229312 Depressive symptoms among pork-processing workers in the Midwest

Sunday, November 7, 2010

Lina Lander, ScD , Department of Epidemiology, University of Nebraska Medical Center, Omaha, NE
Gary S. Sorock, PhD , Health Policy and Management, Johns Hopkins Bloomberg School of Public Health, Baltimore, MD
Terry L. Stentz, PhD , College of Engineering, University of Nebraska- Lincoln, Lincoln, NE
Megan Euler , College of Engineering, University of Nebraska- Lincoln, Lincoln, NE
Kelli Herstein , College of Engineering, University of Nebraska- Lincoln, Lincoln, NE
Murray A. Mittleman, DrPH , Department of Epidemiology, Harvard School of Public Health, Boston, MA
Russ Hauser, ScD , Department of Environmental Health, Harvard School of Public Health, Boston, MA
Melissa J. Perry, ScD , Occupational Health Program, Harvard School of Public Health, Boston, MA
Objective: While pork processing is fast-paced and physically demanding industry, the mental health characteristics of pork processing workers have not been studied.

Methods: Depressive symptoms were assessed using the Burnam screening tool (6 items from the Center for Epidemiologic Studies Depression Scale and 2 items from the Diagnostic Interview Schedule). Matched case-control analyses were conducted among 142 workers to evaluate the effect of depression on the risk of laceration injury.

Results: 404 workers were interviewed (70% male, 44% Hispanic) in two plants. Depressive symptoms were found in 11.9% (n=48) workers: 8% men and 20% women (OR 2.87, 95%CI:1.56-5.29, p<0.01). Hispanic ethnicity was not significantly associated with depressive symptoms: 19 (11%) Hispanic workers and 29 (14%) non-Hispanic workers reported depressive symptoms (OR 0.74, 95%CI:0.40-1.38, p-value 0.35). Working for more than 35 months (median) was associated with depressive symptoms (16% vs. 8%, OR 2.03, 95%CI:1.08-3.80, p-value 0.027).

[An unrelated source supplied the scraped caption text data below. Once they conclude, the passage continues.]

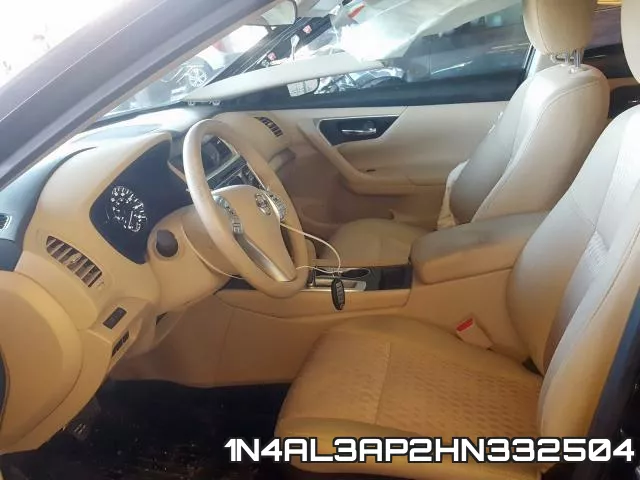 1N4AL3AP2HN332504 фото 6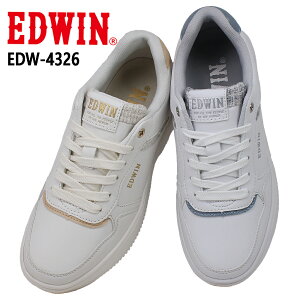 GhEB Xj[J[ fB[X  EDWIN zCg AC{[ 4326 y JWA  V[Y ^C yfB[Xz
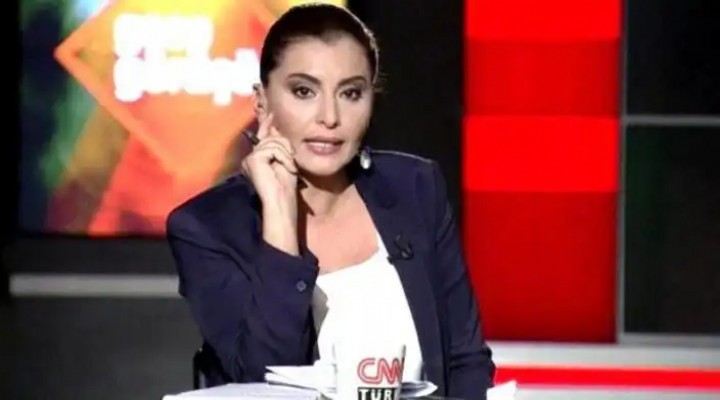 Hande Fırat a 3,5 milyonluk hibe!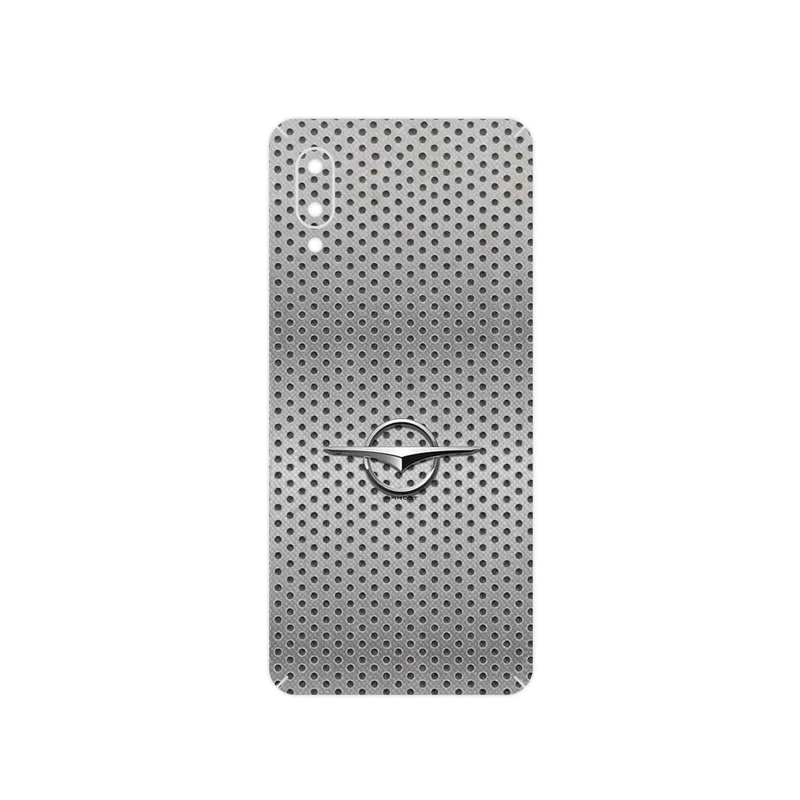 برچسب پوششی ماهوت مدل Haima مناسب برای گوشی موبایل سامسونگ Galaxy A02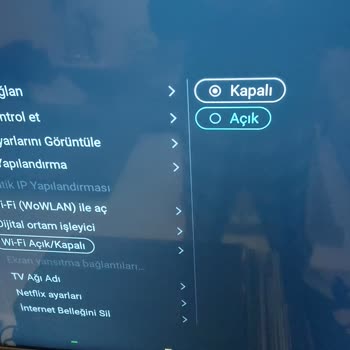 Wi-Fi Bağlantı Sorunu: Cihazlar Ağı Bulamıyor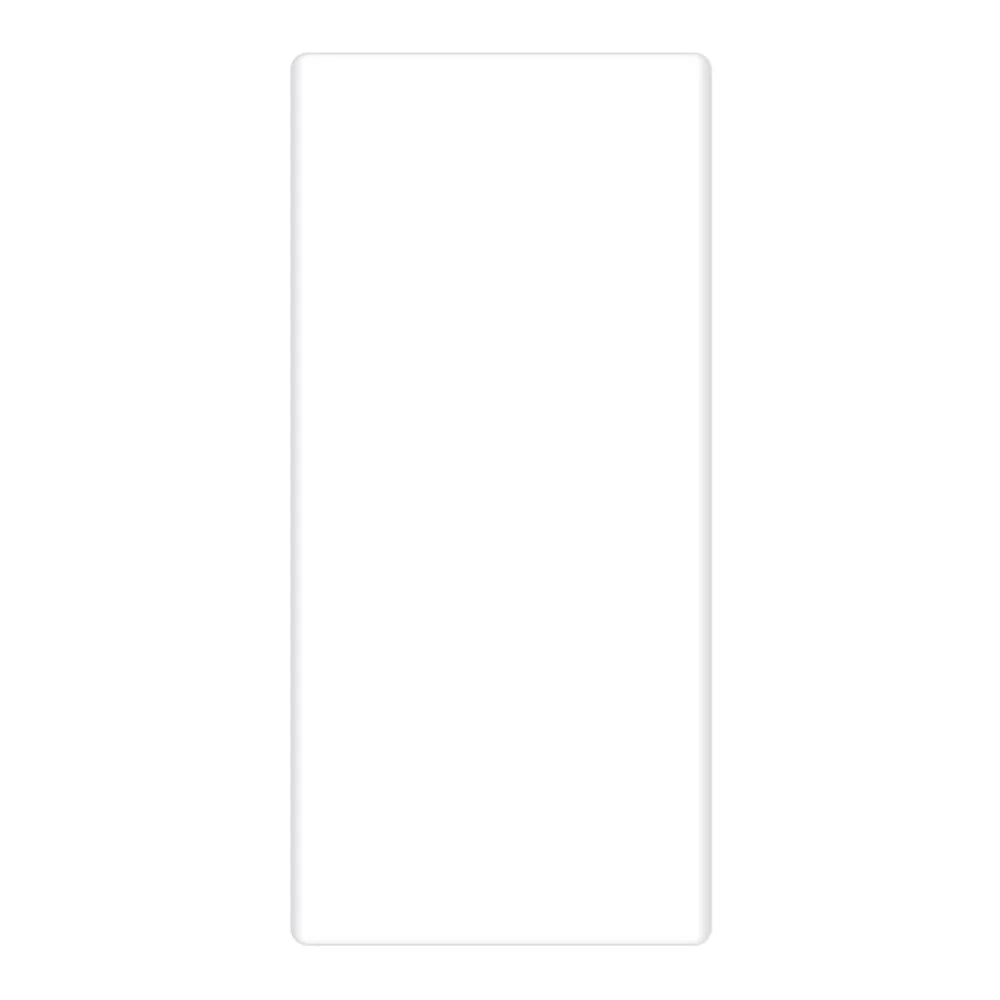 RURIHAI For Huawei nova 11 Pro / nova 11 Ultra Anti-scratch HD Screen Protector 3D Curved UV Liquid Tempered Glass Film, Support Fingerprint Unlock - 2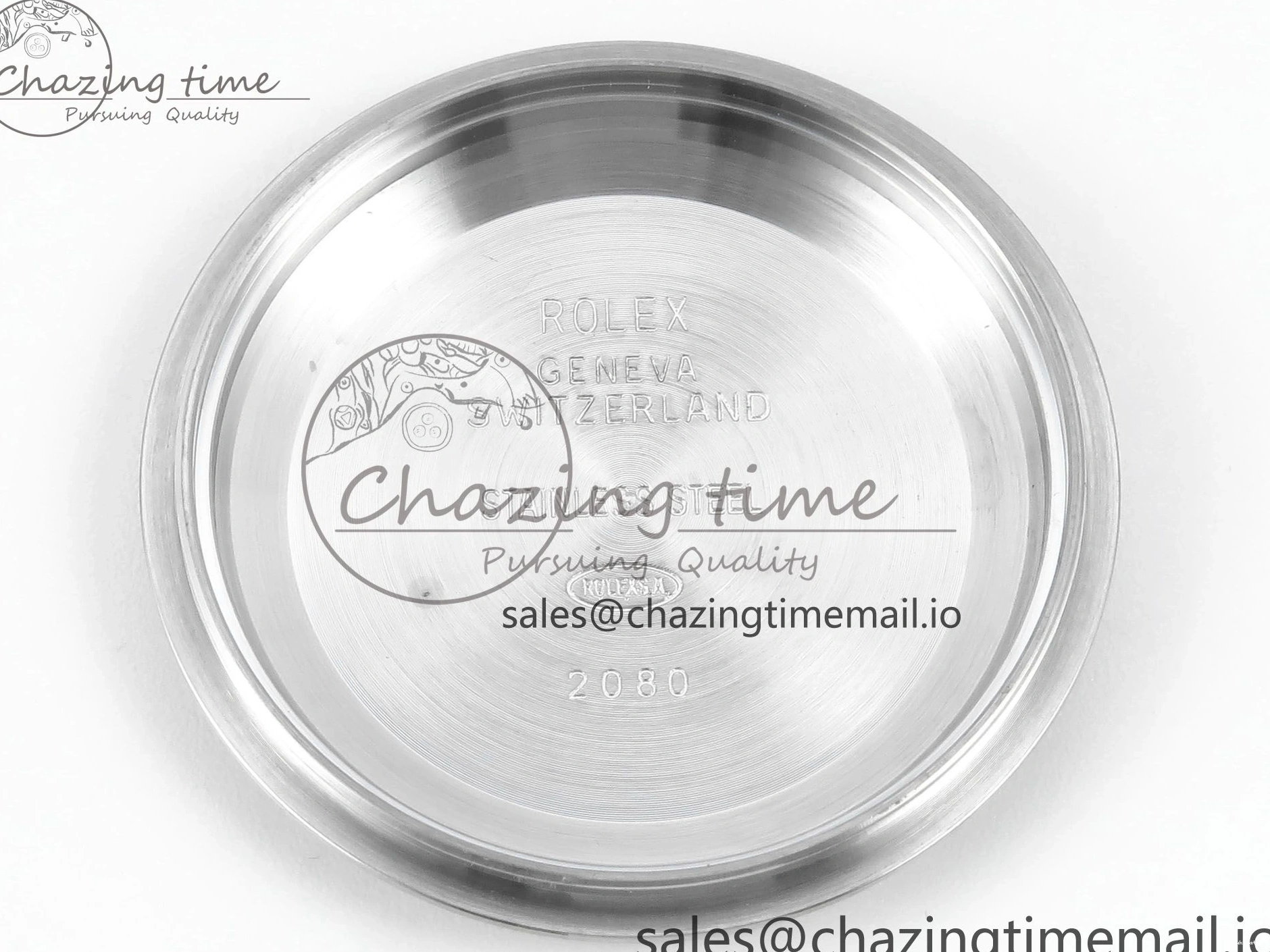 YG Textured Diamonds 126283RBR Dial YG Oyster EWEF SS Best Edition DateJust A3235 Bracelet on 36 0420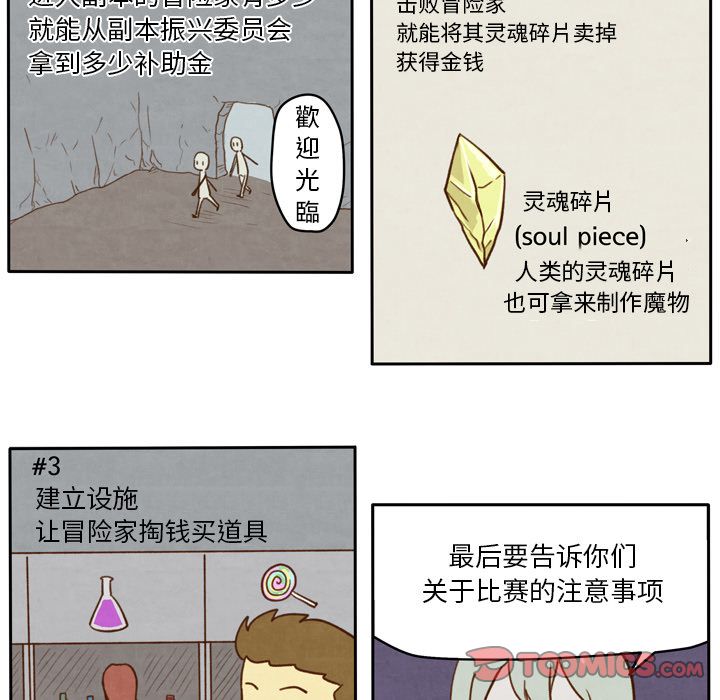 生存副本 第 12 章 第14页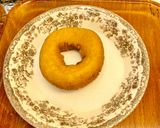 Foto del paso 7 de la receta: Rosquillas “sin gluten” (Gluten-free donuts)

Presence of depressive symptoms was not associated with lacerations: among workers who experienced lacerations, 15% (20) reported presence of depressive symptoms compared to 12% (17) among workers who did not experience such injury (OR 0.81 (0.39-1.69), p-value 0.58). Adjusting for age, gender, ethnicity, and job tenure did not change the results.

Conclusions: There was a high prevalence of depressive symptoms among the workers. Depression was not shown to be a risk factor for occupational laceration injuries. Evaluation of depressive symptom causes among meatpacking plants workers is needed to elucidate prevention and treatment strategies.

Learning Areas:
Occupational health and safety

Learning Objectives:
1. Describe the presence depressive symptoms among workers in pork-processing plants. 2. Evaluate the differences in the reporting of depressive symptoms by gender and race. 3. Evaluate the association between the presence of depressive symptoms and laceration injury risk.

Keywords: Occupational Health, Occupational Injury and Death

Presenting author's disclosure statement:

Qualified on the content I am responsible for because: I participated in data collection, data analysis, and interpretation.
Any relevant financial relationships? No

I agree to comply with the American Public Health Association Conflict of Interest and Commercial Support Guidelines, and to disclose to the participants any off-label or experimental uses of a commercial product or service discussed in my presentation.